Go through the records, and copy each line in which the string "Isolated" is present.

── Entries provided

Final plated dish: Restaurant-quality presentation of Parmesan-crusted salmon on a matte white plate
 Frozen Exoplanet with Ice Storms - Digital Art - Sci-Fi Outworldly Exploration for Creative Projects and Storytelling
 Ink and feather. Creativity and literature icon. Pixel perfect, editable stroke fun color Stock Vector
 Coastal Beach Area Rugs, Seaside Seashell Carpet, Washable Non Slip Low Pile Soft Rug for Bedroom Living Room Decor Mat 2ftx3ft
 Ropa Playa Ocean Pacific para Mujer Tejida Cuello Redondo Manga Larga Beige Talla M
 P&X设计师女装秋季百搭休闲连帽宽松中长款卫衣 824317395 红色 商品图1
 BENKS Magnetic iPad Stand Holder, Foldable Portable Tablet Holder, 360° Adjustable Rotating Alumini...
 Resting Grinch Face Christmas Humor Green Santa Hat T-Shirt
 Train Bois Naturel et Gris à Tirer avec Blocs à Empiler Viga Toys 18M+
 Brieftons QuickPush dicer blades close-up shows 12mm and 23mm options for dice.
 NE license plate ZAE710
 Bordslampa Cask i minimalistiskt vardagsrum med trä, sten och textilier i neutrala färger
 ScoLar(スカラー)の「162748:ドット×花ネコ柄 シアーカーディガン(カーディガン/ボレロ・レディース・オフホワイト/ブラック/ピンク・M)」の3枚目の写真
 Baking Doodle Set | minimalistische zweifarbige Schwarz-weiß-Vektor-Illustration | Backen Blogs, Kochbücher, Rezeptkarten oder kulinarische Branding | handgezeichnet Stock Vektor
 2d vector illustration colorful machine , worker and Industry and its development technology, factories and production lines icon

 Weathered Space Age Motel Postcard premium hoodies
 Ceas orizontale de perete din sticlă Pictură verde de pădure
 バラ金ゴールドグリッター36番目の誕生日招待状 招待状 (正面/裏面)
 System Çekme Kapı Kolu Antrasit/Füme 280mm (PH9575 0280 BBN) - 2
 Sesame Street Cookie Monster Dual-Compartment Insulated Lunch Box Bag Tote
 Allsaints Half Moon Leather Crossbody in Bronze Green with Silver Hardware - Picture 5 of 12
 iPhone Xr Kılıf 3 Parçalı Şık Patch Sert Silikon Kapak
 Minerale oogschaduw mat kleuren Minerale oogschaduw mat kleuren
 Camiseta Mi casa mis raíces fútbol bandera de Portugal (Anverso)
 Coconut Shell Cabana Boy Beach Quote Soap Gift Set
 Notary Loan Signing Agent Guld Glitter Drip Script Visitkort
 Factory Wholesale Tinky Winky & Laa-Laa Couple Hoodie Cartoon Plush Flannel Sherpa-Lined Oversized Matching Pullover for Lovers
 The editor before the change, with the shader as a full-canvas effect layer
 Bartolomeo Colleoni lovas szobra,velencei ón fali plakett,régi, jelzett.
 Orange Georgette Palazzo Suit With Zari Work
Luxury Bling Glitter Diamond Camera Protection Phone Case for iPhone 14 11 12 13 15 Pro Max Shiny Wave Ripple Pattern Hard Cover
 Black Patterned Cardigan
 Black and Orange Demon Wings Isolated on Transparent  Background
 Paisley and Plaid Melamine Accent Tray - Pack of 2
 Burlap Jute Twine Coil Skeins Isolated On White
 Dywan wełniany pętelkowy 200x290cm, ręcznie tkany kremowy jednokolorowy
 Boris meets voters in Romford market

────

Result for this task:
 Black and Orange Demon Wings Isolated on Transparent  Background
 Burlap Jute Twine Coil Skeins Isolated On White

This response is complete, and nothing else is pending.